動物、植物、菌、ウイルスなど生き物はすべてDNA(若しくはRNA)をもっており、このDNAは2本鎖でハシゴのような構造になっています。ヒトゲノムでは約30億対にもなるDNAですが、その中にその生き物特有の「配列」が存在し、その配列を検知する事により、生き物の種類を特定することができます。この「配列の種特異的な部分を検出する」事に着目し、僅かな生き物の断片からその生き物を特定する事を目的とした方法の一つがPCRという遺伝子増幅技術です。

PCRでさまざまなDNAの測定が可能に!

PCR(Polymerase Chain Reaction=ポリメラーゼ連鎖反応)とは、DNAを増幅するための原理、もしくはそれを用いた手法の事で、以下のような特徴を持っています。

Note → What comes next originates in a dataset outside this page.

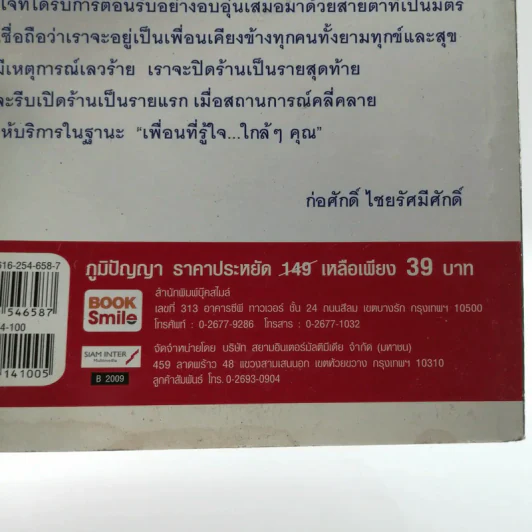 7,000 สาขา ส่งความสุขสู่ทุกชุมชน รูปที่ 13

  • ヒトゲノム(30億塩基対)のように、非常に長大なDNA分子の一部、特定のDNA断片のみを選択的に増幅できる方法であり、しかも、極めて微量の試料からその目的を達成することができます。
  • 増幅・検出にかかる時間が短い。
  • プロセスが単純なため、全自動の装置を用いることで、簡単に目的が達成できます。

PCRの原理

2本鎖DNAは、水溶液中で高温になると「変性」(熱変成)し、1本鎖DNAに分離します。「熱変性」が起こる温度は、DNAの塩基構成および長さによって異なり、長いDNAほど高い温度です。
高温に曝されされて1本鎖DNAとなった溶液を冷却していくと、相補的なDNAが互いに結合し再び2本鎖となります(アニーリング)。
PCR法では、増幅対象(鋳型)DNA、DNA合成酵素(DNAポリメラーゼ)および大量のプライマーと呼ばれるオリゴヌクレオチドを予め混合し、前述の熱変性・アニーリングを行います。その結果、長い対象1本鎖DNAの一部にプライマーが結合し、プライマーがDNAよりも圧倒的に多い状況にしておくことで、DNA-プライマー間の結合がDNA-DNA間(鋳型の2本鎖に戻ろうとする)結合より、優先的になります。
この状態でDNAポリメラーゼが働くと、プライマーが結合した部分を起点として1本鎖部分と相補的なDNAが合成されます。その結果、熱変成→アニーリングが1回完了すると、理論的には元々あった鋳型DNAの数が2倍になります。その後、再び高温にして熱変性から繰り返すことにより、元々存在していたDNAが指数関数的に増幅されていくことになり、30回後には、元の鋳型DNAの約10億倍量になります。
すなわち、PCR法は、熱変性とアニーリングを利用して、温度の上下を繰り返すだけでDNA合成を繰り返し、DNAを増幅する技術ということになります。